Ta umowa wkrótce się kończy.
Kończy się w 2023 roku. Mamy oczywiście przygotowaną wersję do aneksowania jej na kolejne kilka lat, ale warunki tego wynegocjowanego jakiś czas temu przedłużenia, dzisiaj nas w ogóle nie satysfakcjonują. Zwłaszcza, że Patria pokazała na kilku kierunkach eksportowych, że zupełnie nie podziela naszego przekonania.
Przewiduje Pan koniec Rosomaka na liniach produkcyjnych?
Oczywiście nie zniknie z wojska. Kwestie utrzymania, przebudowy, czy reorganizacji, mamy zabezpieczone drugą, bardziej długoterminową umową. Co zaś do dalszej produkcji, ja cały czas jestem optymistą i pozostaję otwarty na różne scenariusze. Nasi koledzy z Finlandii mają okazję zachować się biznesowo i partnersko, bo nie zamierzamy być petentem. To my dziś mamy potencjał produkcyjny. Nie przypominam sobie, żeby Finowie wyprodukowali taką liczbę jakiejkolwiek odmiany tego pojazdu na inne rynki. Choćby z tego powodu powinniśmy móc się porozumieć, bo stoją za tym pieniądze dla każdej ze stron, a zysk to zawsze najmniejszy wspólny mianownik. Jeżeli fińska strona tego nie widzi, my na siłę niczego nie będziemy robili. Mamy inne rozwiązania, mamy inne możliwości.
Powiedzmy zatem coś bliżej o tych alternatywach.
Myślę, że dla nikogo nie jest tajemnicą, że na paryskim salonie razem z partnerami z Korei Południowej podpisaliśmy porozumienie, które między innymi zakłada możliwą wspólną produkcję ich rozwiązania, wozu K808.
Niektórzy zastanawiają się, czy ten wóz to jest postęp.

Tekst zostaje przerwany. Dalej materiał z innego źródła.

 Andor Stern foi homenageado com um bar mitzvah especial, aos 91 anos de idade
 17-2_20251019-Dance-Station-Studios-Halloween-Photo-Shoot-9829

Jest to trochę inna technologia, bo ten pojazd ma inne założenia, jeśli chodzi o podwozie, parametry jezdne, ma inną masę, a nawet materiały użyte do jego produkcji. Ale [K808] to jest wyjściowy temat. My rozmawiamy o nowej rzeczywistości i chęci przeniesienia tego transportera na inny poziom, jeśli chodzi o technologię i jego możliwości. Z Hyundai Rotem jesteśmy po wstępnych rozmowach o współpracy, bo dziś musimy tworzyć coś, co będzie skuteczne jutro. Może też to być współpraca w formie „PL”, czyli możemy zaproponować na tej bazie pewne własne rozwiązania, które będą nas bardziej satysfakcjonowały. Mamy też na stole cały czas możliwość zaprojektowania nowego wozu, wykorzystując nasze doświadczenia i inżynierów.
Są to realne zdolności? Rozumiem pakiet tych doświadczeń, propozycji, ale na ile w Pana ocenie jesteśmy w stanie przekuć to w materialny projekt przeprowadzony bez strategicznego partnera zagranicznego?
Mamy taką możliwość, bo dziś jesteśmy już w zupełnie innym miejscu.
Na ile są to marzenia Prezesa, a na ile realizm? Mam na myśli polski transporter, ale i wcześniej polski czołg.
Całkowicie nasza konstrukcja to jest kwestia czasu i zaangażowania pewnych środków. Przeliczaliśmy to już przy czołgu, gdy dwa lata temu rozpoczęliśmy taką analizę. Wtedy zaangażowałem do pracy całą lądową domenę ze wszystkich spółek, które mogłyby służyć do zbudowania całego potencjału dla czołgu. Dokonaliśmy analiz, obliczeń oraz weryfikacji naszego potencjału, czasu i możliwości w zależności od tego, co chcielibyśmy uzyskać i w oparciu o jakie rozwiązania. W najdłuższej perspektywie zakładaliśmy wybudowanie zupełnie nowego czołgu. Oczywiście do użycia przy zaprezentowaniu tej konstrukcji musielibyśmy się pokusić o zaprezentowanie pewnych elementów, które już są dostępne na rynku.
To jest w sumie naturalne. Koreańczycy akurat mają już dużo swoich komponentów, ale to by trwało wręcz dekady.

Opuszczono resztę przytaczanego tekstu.